One reason why we are at increasing risk from crumbling infrastructure (hardware and software) is that maintenance is not really in anyone’s job description. As a BBC docudrama, If… the lights go out, warned twenty years ago, the system of privatisation was primarily focused on the creation of a quasi-market which it was (wrongly) believed would lower energy prices for consumers. Neither the regulator, the government, nor the private billing companies are responsible for keeping the lights on, while the individual generators only supply that which is profitable – high maintenance infrastructure is most often “mothballed” and cannibalised.

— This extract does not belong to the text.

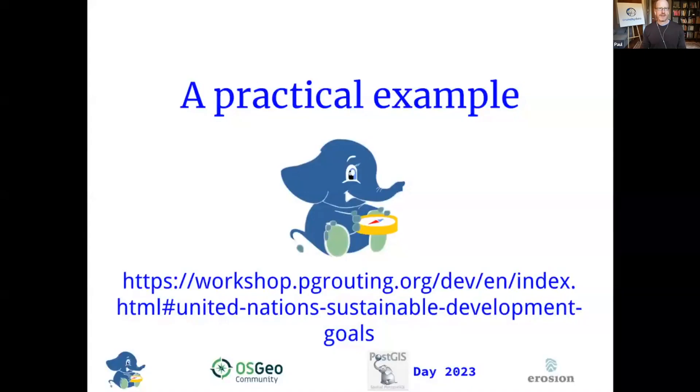Hi, Vicki. Hi, everybody. The queen of routing. I'm going to run your presentation and you were going to talk over it. Is that correct? Exactly.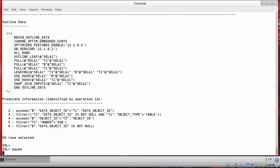We've gotten a lot of information by using dbms_xplan display_cursor and supplying different values for the format parameter. There's one last value I want to show you, which is useful if you have SQL statements using bind variables instead of literal values. If your SQL uses bind variables, you might want to see the actual bind values used for a specific execution, and dbms_xplan display_cursor can show you that with the right format parameter value.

Same goes for water and sewage, where the regulator is focussed on (failing to) keep prices low for consumers, with preventing water leaks and raw sewage discharges passed on to state environment agencies that lack the people and funds to be a serious deterrent. Rail is a little different in that the regulator has inherited a greater safety culture while not having to cap rail fares (government fails to do this instead). However, most of its efforts go into the impossible task of generating and maintaining a quasi-market within a monopoly rail infrastructure, so that safety issues are becoming more common. The public sector is in an even worse state because, aside from legal duties to provide education and some health and social care services, most public services are entirely discretionary… which, in an age of austerity, means neglected.
What all of this adds up to, is a situation in which maintaining and plugging the gaps in critical infrastructure is so low on everyone’s priority list that it is de facto someone else’s job and someone else’s problem. And this is toxic to a system which is geared to react only to major emergencies. Thus, for example, while some action will likely follow the transformer fires which crippled Heathrow airport, the broader grid will limp along using outdated equipment and ever longer maintenance scheduling… and will continue to do so until the next major incident – after which, rinse and repeat until national scale operation is no longer possible.
This slow process of attrition is a far more likely trajectory than the sudden crash that so many “doomer” “black pill” types imagine. Sure, the process will be punctuated by some spectacular incidents. And the state will no doubt respond with greater or lesser effect. But, as the surplus energy available to us slumps, and as the (energy) cost of maintaining the system rises, gradually and remorselessly, things that we grew up to take for granted will be going away, with life becoming ever shorter and more brutal.